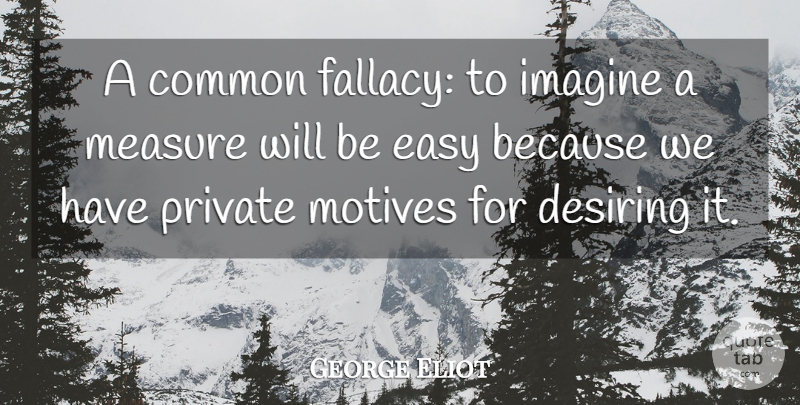 George Eliot Quote About Thinking, Common, Imagine: A Common Fallacy To Imagine...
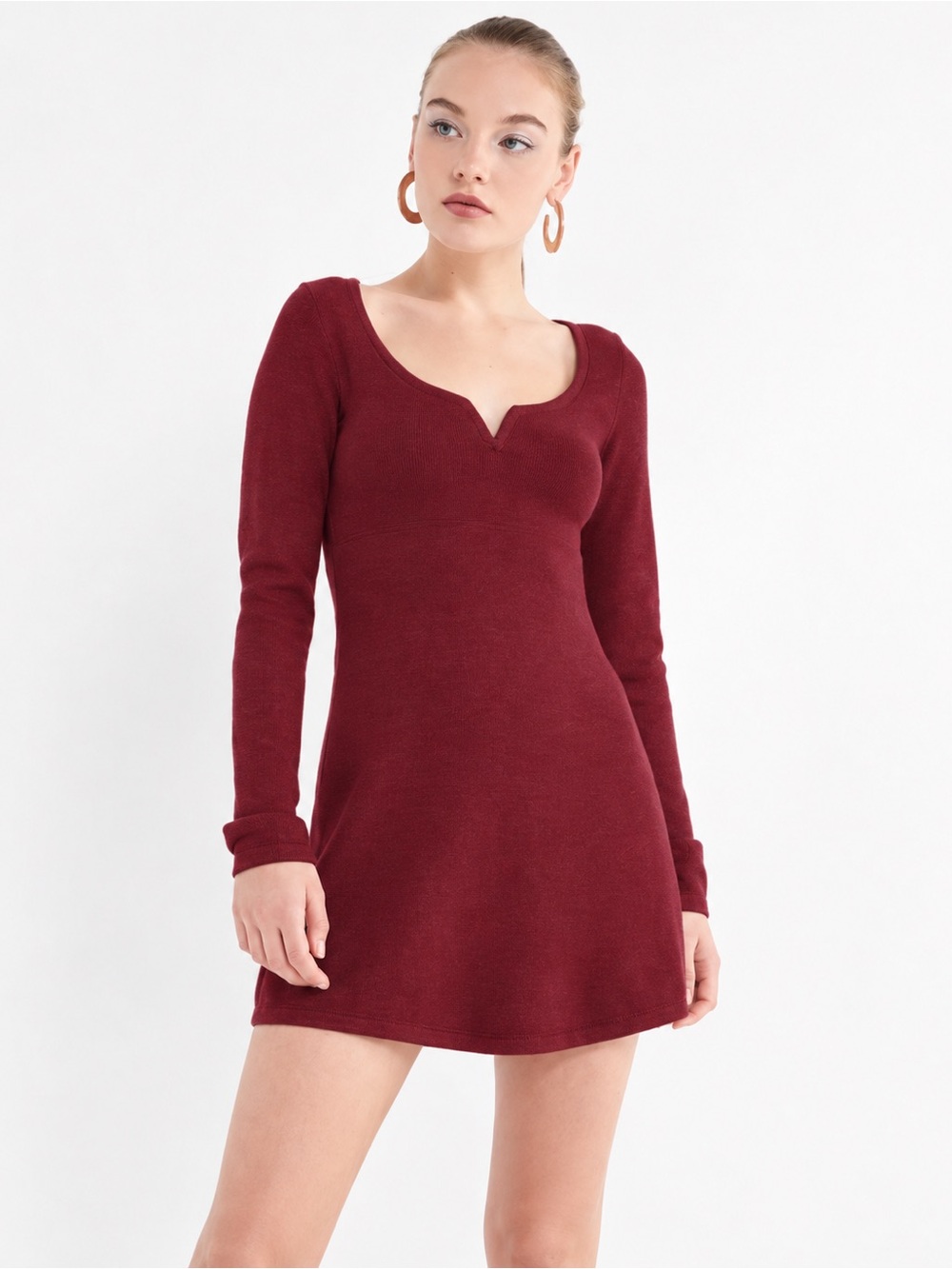 Urban Outfitters Spellbound Sweater Mini Dress Sweetheart V Wine Small NWT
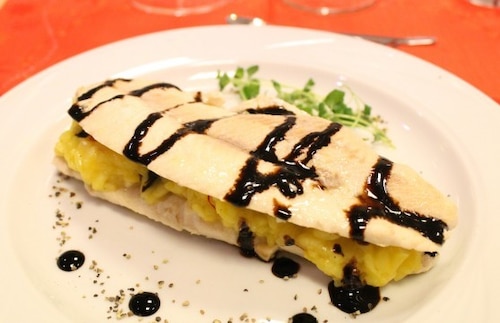 Sandwich z pstrąga i risotto po mediolańsku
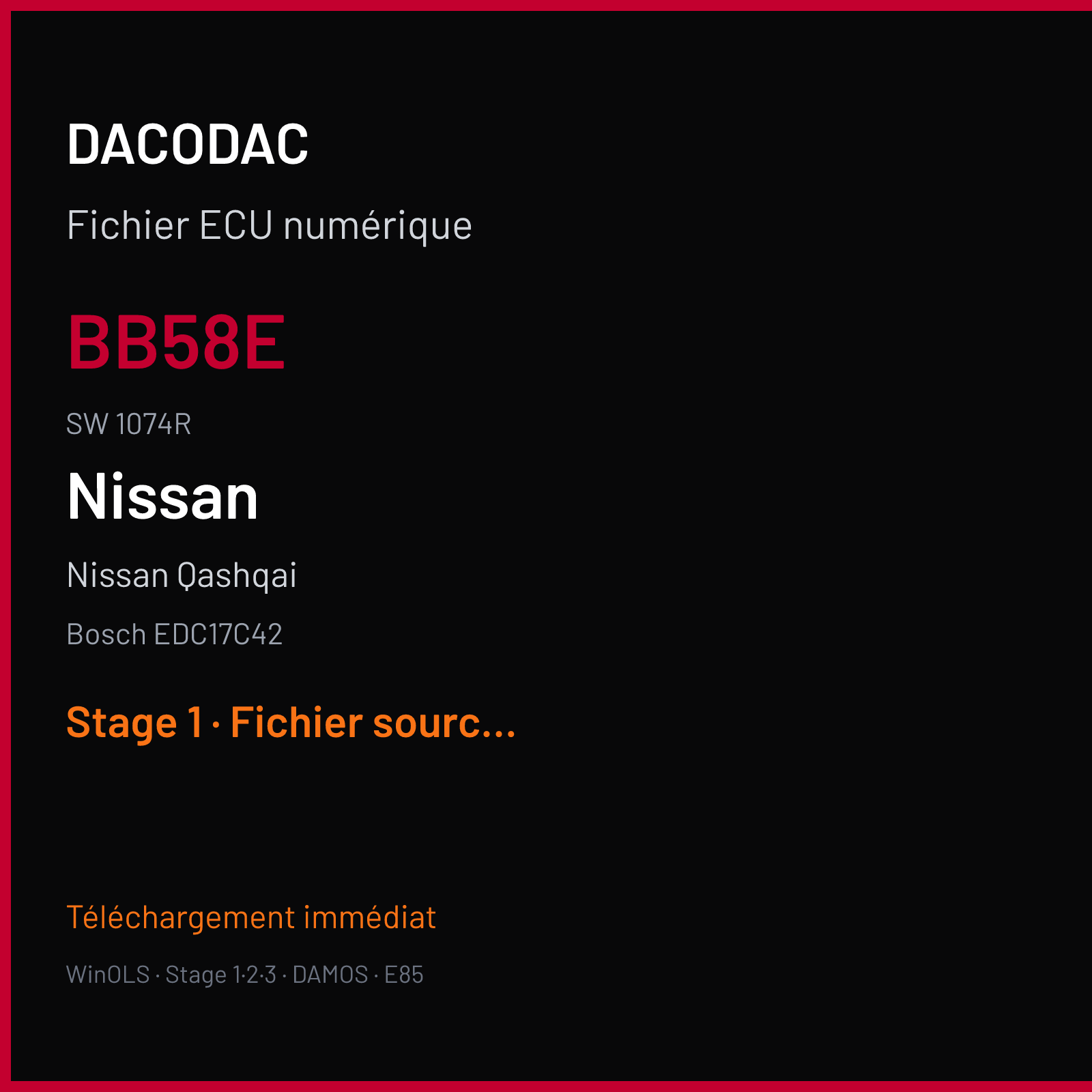 Nissan Qashqai 130 ch — Bosch EDC17C42 — BB58E · 1074R · 1037529103 — Stage 1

====

◆ What you need to do: With the pictures omitted, write out exactly the lines from the one that contains "Sandwich z pstrąga i risotto po mediolańsku" through the final line of the material above, both ends included.

◆ Your solution:
 Sandwich z pstrąga i risotto po mediolańsku
 Nissan Qashqai 130 ch — Bosch EDC17C42 — BB58E · 1074R · 1037529103 — Stage 1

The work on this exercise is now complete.